- **YOUR ASSIGNMENT**: From the entries below, copy exactly the lines from the one that contains "WinCraft - Atlanta" through the one that contains "Lululemon blue athletic shorts.", both included, and only those.

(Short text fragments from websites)
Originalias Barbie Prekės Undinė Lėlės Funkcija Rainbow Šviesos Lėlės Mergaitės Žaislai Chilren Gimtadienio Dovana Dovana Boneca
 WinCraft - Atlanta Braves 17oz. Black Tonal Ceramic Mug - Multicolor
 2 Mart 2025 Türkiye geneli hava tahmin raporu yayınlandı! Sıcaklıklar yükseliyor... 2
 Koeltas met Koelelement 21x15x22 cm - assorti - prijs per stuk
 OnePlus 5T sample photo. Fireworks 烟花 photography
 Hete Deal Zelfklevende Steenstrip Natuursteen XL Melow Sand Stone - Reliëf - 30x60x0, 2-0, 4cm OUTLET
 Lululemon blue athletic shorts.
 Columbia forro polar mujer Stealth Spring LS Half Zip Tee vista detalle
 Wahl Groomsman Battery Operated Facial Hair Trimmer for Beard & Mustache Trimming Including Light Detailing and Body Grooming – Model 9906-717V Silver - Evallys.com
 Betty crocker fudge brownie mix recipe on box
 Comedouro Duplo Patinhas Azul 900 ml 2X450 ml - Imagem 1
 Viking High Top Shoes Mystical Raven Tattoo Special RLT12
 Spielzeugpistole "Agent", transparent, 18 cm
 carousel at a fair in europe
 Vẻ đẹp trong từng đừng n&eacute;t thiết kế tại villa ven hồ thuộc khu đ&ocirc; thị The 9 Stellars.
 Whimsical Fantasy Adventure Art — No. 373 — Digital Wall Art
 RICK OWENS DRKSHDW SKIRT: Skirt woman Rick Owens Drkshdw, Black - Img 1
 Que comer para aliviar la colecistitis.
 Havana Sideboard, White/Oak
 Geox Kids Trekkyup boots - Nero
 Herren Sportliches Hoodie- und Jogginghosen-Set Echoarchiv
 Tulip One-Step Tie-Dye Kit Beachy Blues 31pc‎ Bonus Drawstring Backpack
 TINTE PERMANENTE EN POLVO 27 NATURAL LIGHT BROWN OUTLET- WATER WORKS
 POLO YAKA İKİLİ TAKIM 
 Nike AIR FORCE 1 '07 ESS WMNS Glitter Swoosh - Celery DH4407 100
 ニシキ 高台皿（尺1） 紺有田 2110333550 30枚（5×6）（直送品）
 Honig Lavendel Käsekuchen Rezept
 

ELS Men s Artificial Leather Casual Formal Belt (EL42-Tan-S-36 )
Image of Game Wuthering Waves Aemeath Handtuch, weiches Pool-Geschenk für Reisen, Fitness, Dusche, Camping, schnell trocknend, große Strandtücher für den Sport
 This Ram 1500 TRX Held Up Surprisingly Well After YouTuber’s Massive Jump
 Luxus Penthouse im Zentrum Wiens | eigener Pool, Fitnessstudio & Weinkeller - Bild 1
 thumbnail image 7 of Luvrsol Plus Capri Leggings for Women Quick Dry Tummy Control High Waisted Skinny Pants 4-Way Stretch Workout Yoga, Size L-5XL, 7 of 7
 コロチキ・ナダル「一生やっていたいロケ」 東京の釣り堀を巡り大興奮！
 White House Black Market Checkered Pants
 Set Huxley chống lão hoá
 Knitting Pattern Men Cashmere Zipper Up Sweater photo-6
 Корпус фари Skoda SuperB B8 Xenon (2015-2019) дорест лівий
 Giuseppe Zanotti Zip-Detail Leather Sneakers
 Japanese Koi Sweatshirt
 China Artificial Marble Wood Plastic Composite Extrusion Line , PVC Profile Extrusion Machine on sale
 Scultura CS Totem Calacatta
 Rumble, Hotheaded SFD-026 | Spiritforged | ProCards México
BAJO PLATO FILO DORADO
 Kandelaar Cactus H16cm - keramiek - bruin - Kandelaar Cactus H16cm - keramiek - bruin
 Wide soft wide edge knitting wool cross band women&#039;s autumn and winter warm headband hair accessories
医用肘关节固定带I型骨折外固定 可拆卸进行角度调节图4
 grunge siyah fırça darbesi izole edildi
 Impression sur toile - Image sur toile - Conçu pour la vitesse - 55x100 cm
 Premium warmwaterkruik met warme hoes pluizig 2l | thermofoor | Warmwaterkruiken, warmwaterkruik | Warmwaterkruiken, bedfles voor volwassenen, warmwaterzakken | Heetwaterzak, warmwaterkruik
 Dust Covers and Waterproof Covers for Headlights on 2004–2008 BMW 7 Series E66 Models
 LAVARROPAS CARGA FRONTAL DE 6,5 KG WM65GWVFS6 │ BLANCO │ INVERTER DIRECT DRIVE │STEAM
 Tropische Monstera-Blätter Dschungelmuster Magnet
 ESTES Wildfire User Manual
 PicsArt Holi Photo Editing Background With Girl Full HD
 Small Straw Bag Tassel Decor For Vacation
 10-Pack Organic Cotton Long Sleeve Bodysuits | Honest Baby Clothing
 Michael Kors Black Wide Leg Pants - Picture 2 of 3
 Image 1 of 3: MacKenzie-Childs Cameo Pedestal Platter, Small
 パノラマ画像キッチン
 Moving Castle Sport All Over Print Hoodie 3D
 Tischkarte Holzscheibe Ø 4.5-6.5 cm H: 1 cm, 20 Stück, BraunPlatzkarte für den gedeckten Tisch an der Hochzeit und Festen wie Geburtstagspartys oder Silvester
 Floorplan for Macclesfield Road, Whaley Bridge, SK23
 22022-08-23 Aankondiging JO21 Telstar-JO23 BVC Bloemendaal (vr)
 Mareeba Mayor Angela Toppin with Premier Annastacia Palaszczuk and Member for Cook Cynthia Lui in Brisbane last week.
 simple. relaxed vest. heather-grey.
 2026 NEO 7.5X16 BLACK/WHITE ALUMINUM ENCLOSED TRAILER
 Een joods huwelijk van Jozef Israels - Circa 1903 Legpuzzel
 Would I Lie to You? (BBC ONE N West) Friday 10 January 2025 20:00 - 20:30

- **WRITTEN RESPONSE**:
 WinCraft - Atlanta Braves 17oz. Black Tonal Ceramic Mug - Multicolor
 2 Mart 2025 Türkiye geneli hava tahmin raporu yayınlandı! Sıcaklıklar yükseliyor... 2
 Koeltas met Koelelement 21x15x22 cm - assorti - prijs per stuk
 OnePlus 5T sample photo. Fireworks 烟花 photography
 Hete Deal Zelfklevende Steenstrip Natuursteen XL Melow Sand Stone - Reliëf - 30x60x0, 2-0, 4cm OUTLET
 Lululemon blue athletic shorts.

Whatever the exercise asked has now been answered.